Vóór het jaar 1429 vinden wij in ons vaderland geen sporen van eene kerkelijke vereering der smarten van Maria. Maar in dat jaar riep Diederik, aartsbisschop van Keulen, zijne onderhoorige bisschoppen tot eene provinciale synode bijeen, en ook Utrechts kerkvoogd, Zweder van Kuilenburg, behoorde daarbij. Deze plechtige vergadering herdacht met weemoed den smaad door de Hussieten in Bohemen der Moeder Gods aangedaan, en om haar eenig eerherstel te geven, besloot zij de vereering der smartvolle Moeder kerkelijk vast te stellen.
De woorden van dit besluit zijn te merkwaardig, dan dat wij ze hier niet zouden weergeven: [1]
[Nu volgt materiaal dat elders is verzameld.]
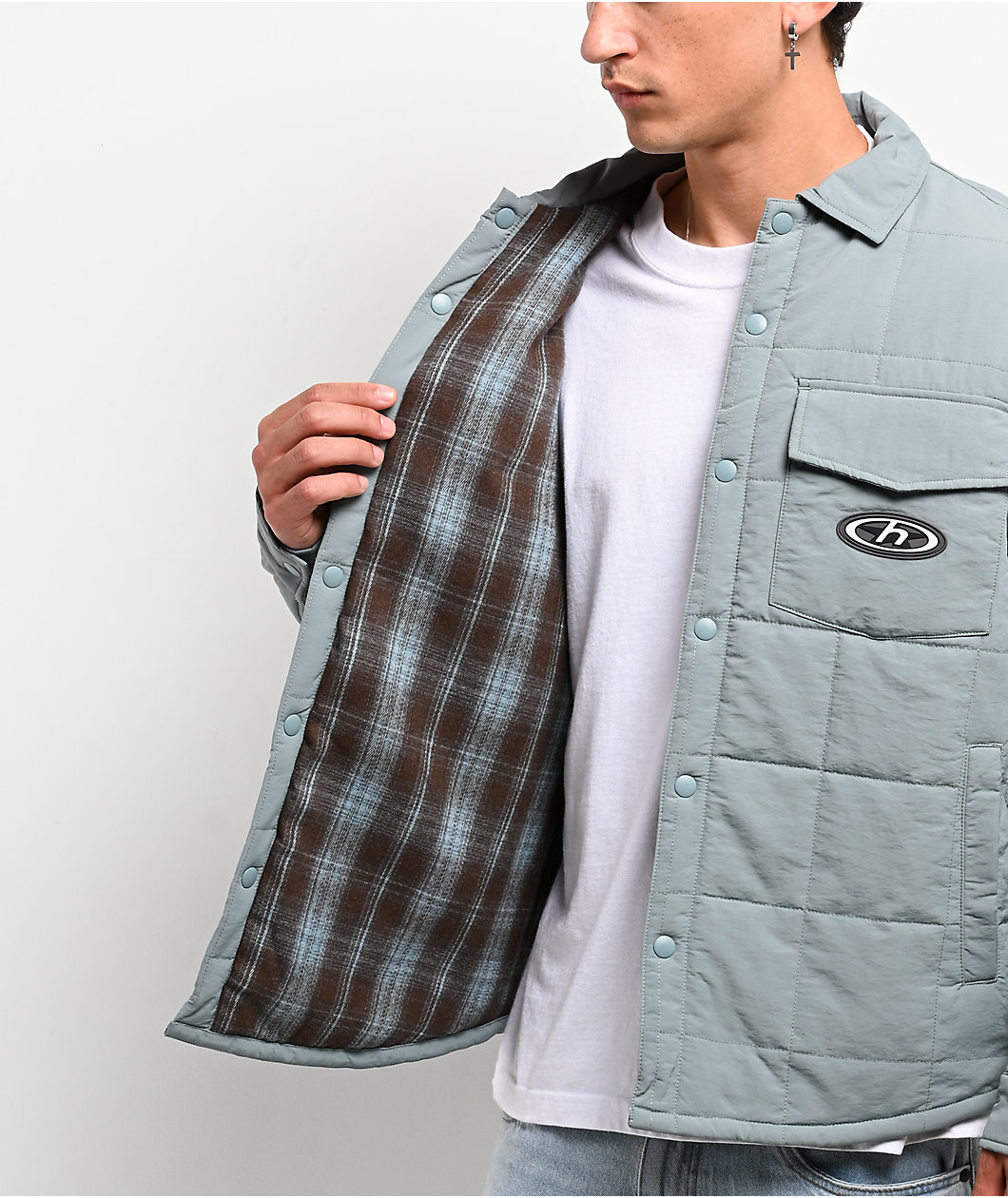 HUF Villard Steel Blue Quilted Shacket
“Ter eere der heilige en vlekkelooze Maagd en Moeder Gods, die gedurig haar goddelijken Zoon bidt en smeekt voor de arme zondaren, wier lof alle zandkorrels, zoo zij verkeerden in tongen, niet konden volrpijzen; ter eere ook van den druk en de smart, welke zij leed, toen onze Verlosser, Jezus Christus zich slachtofferde op het altaar des kruises en met uitgebreide armen en handen zijn gezegende Moeder aan zijn leerlingen, den evangelist Joannes aanbeval; en vooral opdat zij moge fnuiken de ontrouw der heiligschennende en kettersche Hussieten, die niet gevreesd hebben in goddeloos bestaan de beelden, gewijd tot lof van de gekruisten Christus en van de roemvolle Maagd, te verbranden en te vernielen: heeft de kerkvergadering verordend en vastgesteld, dat het feest van het Medelijden of van den voorzeiden druk en de droefheid der Allerzaligste Maagd voortaan jaarlijks op den Vrijdag na Zondag Jubilate, (den 3den Zondag na Paschen,) zal worden gevierd, tenzij op dien dag een ander feest mocht vallen, om welke reden het dan op den eerstvolgenden Vrijdag zou verzet worden. Tevens bepaalt de vergadering, dat dit feest, doch slechts in het koor, [*] zal worden gehouden met beide Vespers, met Metten, met H. Mis en Kerkelijke Uren, opdat onze Heer Jezus Christus den blinddoek wegneme van hunne harten en hen terugroepe tot het heilig Katholiek geloof.”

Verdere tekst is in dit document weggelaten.